I would encourage you to read both stories.
Joseph Curl, writing in The Washington Times, starts off asking how a survey from Fairleigh Dickinson University could find pro-abortion Vice President Kamala Harris up nationally by a whopping seven points (50 to 43)?! It’s to make the point that some surveys—like this one—are just wrong.
Even if Harris is up just 2 or so points nationally, Democratic Strategist James Carville warns that her lead in not real. “Traditionally, with Trump on the ballot … Democrats say, ‘Oh, James, you’re a Debbie Downer.’ I’m not. I’m just telling you, you got to win by three.”
That’s because we have an electoral college system which means a candidate can lose the popular vote but carry the 270 electoral votes needed to win.
Gilad Edelman, writing for The Atlantic, offers the many, many reasons the polls were off (in 2016 but especially in 2020) and why all the corrections that have been made since 2020 are not a guarantee of accuracy. It’s a long article but for a myriad of highly technical reasons (and not so technical—Trump voters often hide their vote and/or get angry when called by a pollster), it is exceeding difficult to get a representative sample. Edelman writes
Don Levy, the director of the Siena College Research Institute, which conducts polls on behalf of The New York Times, calls the phenomenon “anti-establishment response bias.” The more someone distrusts mainstream institutions, including the media and pollsters, the more likely they are to vote for Trump.
He concludes
Like Olympic athletes, political pollsters spend four years fine-tuning their craft, but don’t find out whether their preparations were adequate until it’s too late to do anything differently. The nonresponse bias that bedeviled the polls in 2020 is not an easy thing to fix. By definition, pollsters know very little about the people who don’t talk to them. If Trump outperforms the polls once again, it will be because even after all these years, something about his supporters remains a mystery.
As I was about to post this article, I ran into this written by the highly respected Nate Silver: “Pennsylvania may be a problem for Harris: The Electoral College/popular vote gap is increasing in post-DNC data.”

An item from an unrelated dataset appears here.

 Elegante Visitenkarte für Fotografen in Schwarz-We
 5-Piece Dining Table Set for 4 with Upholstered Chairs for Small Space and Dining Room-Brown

After writing about the national implications (which he thinks will level out), Silver says of this battleground state
There’s another, longer-term concern for Harris, though: it’s been a while since we’ve seen a poll showing her ahead in Pennsylvania, which is the tipping-point state more than a third of time in our model. Today, in fact, we added one post-DNC poll showing Pennsylvania as a tie, and another (conducted during the DNC) showing either a tie or Trump +1, depending on what version you prefer.
The model puts a lot of weight on this recent data because of all the changes in the race. And you can see why it thinks this is a problem for her: if she’s only tied in Pennsylvania now, during what should be one of her stronger polling periods, that implies being a slight underdog in November.
See you tomorrow.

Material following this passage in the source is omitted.